Stored data:
·····
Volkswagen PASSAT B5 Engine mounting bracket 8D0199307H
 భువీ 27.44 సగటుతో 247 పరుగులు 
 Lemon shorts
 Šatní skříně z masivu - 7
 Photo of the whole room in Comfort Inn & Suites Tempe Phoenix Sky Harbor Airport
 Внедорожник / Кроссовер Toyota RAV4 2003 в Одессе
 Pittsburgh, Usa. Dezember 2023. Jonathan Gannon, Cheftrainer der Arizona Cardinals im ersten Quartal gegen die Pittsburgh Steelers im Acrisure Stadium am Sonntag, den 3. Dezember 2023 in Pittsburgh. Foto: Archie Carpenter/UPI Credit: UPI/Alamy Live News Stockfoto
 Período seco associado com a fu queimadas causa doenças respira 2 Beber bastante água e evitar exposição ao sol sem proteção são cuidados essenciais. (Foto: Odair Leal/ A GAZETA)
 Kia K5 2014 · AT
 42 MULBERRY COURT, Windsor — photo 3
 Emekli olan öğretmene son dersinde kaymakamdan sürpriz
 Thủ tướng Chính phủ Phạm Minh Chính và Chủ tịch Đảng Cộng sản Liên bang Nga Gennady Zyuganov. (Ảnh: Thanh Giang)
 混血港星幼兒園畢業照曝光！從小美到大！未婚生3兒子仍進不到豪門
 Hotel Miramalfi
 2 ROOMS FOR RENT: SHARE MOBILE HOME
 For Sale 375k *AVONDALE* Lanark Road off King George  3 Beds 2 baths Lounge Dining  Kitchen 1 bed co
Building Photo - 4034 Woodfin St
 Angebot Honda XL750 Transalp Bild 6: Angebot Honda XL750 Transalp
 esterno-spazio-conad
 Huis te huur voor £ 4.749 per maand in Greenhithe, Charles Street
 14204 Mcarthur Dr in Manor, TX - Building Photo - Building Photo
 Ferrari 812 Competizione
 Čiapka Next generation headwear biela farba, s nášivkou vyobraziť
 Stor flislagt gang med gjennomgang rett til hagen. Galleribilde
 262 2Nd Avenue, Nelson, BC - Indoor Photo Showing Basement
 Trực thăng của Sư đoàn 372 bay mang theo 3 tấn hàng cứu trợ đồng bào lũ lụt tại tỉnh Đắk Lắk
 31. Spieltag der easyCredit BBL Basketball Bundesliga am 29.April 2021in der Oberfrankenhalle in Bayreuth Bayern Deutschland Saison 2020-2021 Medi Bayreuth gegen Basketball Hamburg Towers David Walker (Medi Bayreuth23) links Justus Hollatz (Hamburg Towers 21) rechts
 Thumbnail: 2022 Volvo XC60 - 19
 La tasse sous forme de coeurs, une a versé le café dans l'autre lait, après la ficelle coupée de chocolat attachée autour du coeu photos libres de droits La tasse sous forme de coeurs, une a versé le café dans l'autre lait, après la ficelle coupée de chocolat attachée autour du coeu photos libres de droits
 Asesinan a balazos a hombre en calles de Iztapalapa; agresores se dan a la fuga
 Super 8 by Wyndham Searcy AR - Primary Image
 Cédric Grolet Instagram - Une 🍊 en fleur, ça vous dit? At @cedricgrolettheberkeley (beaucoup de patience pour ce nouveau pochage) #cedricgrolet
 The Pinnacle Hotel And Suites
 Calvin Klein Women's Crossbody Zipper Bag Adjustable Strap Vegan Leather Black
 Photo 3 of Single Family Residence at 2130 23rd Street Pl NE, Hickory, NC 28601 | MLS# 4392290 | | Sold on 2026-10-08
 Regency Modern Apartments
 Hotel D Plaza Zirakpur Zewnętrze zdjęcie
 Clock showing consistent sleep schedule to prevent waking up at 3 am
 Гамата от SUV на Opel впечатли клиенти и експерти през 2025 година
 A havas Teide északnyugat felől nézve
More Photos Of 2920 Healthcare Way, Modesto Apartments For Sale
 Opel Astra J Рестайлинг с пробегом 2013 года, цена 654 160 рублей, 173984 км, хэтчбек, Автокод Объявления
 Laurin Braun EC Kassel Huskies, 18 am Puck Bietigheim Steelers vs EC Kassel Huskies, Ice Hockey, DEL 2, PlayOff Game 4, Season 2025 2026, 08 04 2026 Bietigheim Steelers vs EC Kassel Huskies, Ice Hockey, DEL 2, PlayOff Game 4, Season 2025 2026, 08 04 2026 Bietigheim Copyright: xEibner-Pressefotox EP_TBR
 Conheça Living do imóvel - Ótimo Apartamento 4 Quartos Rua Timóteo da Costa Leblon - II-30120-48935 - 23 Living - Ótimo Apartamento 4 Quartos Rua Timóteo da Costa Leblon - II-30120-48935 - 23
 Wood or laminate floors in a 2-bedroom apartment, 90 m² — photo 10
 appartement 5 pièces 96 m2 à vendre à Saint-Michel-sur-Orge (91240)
·····
▶ **WHAT IS EXPECTED**:
Search each line of the entries for the string "gegen", then say how many lines have it. Reply with the number only.

▶ **FINISHED EXERCISE**:
2